Case Study 1: Deep Dive Helps Save $120M Account
- Don't Stop at the Top When Analyzing Loyalty: Deep Dive Helps Save $120M Account
- Client: Software and business service provider.
- Business Objective: Improve relationships with key accounts representing $600 million in revenue.
- Research Methodology: Online survey of multiple representatives from each account’s buying unit.
- Synopsis: On the surface, things at the largest account (120M) looked good. Average likelihood to recommend was similar – and strong – across accounts. What our client did not realize was that these averages masked important patterns and variations within respondents from the same buying unit.
- For this largest account, we found that likelihood to recommend declined as seniority increased:
- Our survey also measured importance and client performance on 13 attributes. Comparing these detailed ratings on perceptual (value) maps allowed us to explain this decline. We found that lower level respondents cared more about the product/service itself, where our client was stronger, while higher level respondents cared more about the business relationship, where our client was weaker.

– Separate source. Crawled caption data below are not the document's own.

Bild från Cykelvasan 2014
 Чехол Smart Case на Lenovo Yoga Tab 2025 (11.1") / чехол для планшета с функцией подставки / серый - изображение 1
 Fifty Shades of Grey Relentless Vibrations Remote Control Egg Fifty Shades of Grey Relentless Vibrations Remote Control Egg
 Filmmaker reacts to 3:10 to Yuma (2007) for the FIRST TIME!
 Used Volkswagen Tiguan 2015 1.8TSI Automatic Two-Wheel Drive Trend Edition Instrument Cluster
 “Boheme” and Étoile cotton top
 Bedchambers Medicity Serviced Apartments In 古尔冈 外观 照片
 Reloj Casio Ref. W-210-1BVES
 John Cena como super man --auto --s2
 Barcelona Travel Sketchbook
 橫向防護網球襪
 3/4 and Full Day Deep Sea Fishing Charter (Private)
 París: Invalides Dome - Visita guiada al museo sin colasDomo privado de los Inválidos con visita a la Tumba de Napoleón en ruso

In particular, the most important decision-maker (CIO) was unhappy about product inflexibility, lack of innovation, and especially time to market, putting the whole account at risk. This is illustrated in the map shown below. Our client was already having regular meetings with this individual, but it was not until we presented our results that resources were mobilized to proactively address these specific issues.
Economic Decision Maker Value Map
- Business Outcomes: Our client made an acquisition to supplement their technology platform, which decreased time to market and increased the flexibility of their software solution. In conjunction with proactive account management, customer perceptions are being changed and customer retention is rising. Topline revenue has increased and our client currently outperforms the S&P 500.